No hace mucho, una madre que asiste asiduamente a charlas y cursos de formación para padres me planteó su desaliento, fundamentalmente provocado porque no apreciaba ningún progreso en ella como madre y –lo que consideraba aún peor– tampoco lo veía en la educación de sus hijos. En un acto de extrema sinceridad exponía sus contradicciones y frustraciones. Contradicciones y frustraciones que ella, como madre, experimentaba a pesar de tanta información, formación y recursos como conocía. Y sobre todo me planteaba que en no pocas ocasiones se encontraba haciendo todo lo contrario de lo que había aprendido o comprendido acerca de la educación sobre sus hijos. En definitiva, muchas veces la educación de nuestros hijos nos lleva al “límite”. Cuántas veces hemos hablado de la necesidad de poner límites a la educación de nuestros hijos para ayudarles a crecer, pero nosotros, padres y madres, también tenemos “límites”.
Cuando la paciencia se nos acaba y nos encontramos ante la agresividad o incluso la violencia, cuando todos nuestros esfuerzos parecen desembocar en ninguna parte, cuando la respuesta que esperamos de nuestros hijos no llega, cuando nos parece que estamos perdiendo el control sobre la situación..., los padres nos encontramos ante nuestro límite y nuestros límites.
Por una parte, nos encontramos ante nuestros propios límites como educadores y como personas: sin recursos, sin propuestas, sin estrategias… Y, por otra, el proceso de crecimiento de nuestros hijos nos sitúa ante el límite de la educación.
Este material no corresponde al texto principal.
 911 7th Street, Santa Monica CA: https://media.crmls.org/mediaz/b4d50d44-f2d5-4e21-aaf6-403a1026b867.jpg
Aparecen los conflictos no resueltos (o resueltos inadecuadamente), las frustraciones, la sensación de fracaso o la impotencia ante las influencias negativas que nuestro hijo está recibiendo del exterior.
No resulta fácil afrontar estas circunstancias y, en la mayoría de los casos, tendemos a huir de las formas más sofisticadas: desde echar la culpa a influencias externas hasta la queja, desde el lamento por lo que podía haber sido y no es hasta posturas de desafecto o cierta ofensa, etc.